__RECORDS FOR THIS TASK__
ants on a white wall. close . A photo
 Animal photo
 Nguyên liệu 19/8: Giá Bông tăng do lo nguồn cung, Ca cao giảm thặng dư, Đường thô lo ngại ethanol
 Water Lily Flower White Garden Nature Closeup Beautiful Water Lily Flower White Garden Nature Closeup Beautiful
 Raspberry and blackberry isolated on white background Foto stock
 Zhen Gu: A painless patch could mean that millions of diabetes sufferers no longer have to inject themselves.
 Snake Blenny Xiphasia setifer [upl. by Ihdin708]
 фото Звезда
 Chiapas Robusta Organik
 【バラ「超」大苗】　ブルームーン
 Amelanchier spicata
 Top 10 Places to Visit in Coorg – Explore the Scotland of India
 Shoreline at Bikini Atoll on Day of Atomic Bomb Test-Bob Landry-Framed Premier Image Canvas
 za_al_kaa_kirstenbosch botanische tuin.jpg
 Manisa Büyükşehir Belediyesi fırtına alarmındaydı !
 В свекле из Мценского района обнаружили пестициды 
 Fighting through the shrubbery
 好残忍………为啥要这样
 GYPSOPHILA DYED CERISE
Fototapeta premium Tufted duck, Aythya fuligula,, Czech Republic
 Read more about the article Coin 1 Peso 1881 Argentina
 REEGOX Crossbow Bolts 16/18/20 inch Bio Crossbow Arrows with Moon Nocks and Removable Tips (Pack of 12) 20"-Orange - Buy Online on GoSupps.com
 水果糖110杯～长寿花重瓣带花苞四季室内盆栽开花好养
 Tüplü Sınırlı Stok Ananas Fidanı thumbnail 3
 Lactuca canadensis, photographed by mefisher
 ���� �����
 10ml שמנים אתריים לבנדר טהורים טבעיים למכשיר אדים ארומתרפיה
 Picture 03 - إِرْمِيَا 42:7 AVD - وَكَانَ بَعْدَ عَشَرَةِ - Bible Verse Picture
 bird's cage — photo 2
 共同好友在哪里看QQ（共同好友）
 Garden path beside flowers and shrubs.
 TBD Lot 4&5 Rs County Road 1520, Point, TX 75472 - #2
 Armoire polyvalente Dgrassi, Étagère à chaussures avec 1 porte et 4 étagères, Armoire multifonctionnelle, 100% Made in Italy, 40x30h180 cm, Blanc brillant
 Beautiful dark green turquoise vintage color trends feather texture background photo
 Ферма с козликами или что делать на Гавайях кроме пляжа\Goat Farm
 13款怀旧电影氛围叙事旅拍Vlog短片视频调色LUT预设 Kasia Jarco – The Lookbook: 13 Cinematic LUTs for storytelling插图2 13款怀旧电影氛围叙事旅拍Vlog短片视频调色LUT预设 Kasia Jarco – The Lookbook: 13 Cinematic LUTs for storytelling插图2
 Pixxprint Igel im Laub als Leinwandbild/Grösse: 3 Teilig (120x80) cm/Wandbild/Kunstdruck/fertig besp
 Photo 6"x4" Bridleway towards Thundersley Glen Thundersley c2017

__WHAT YOU HAVE TO DO__
Scan the entries above and return each line that holds "Beautiful".

__RESPONSE BELOW__
 Water Lily Flower White Garden Nature Closeup Beautiful Water Lily Flower White Garden Nature Closeup Beautiful
 Beautiful dark green turquoise vintage color trends feather texture background photo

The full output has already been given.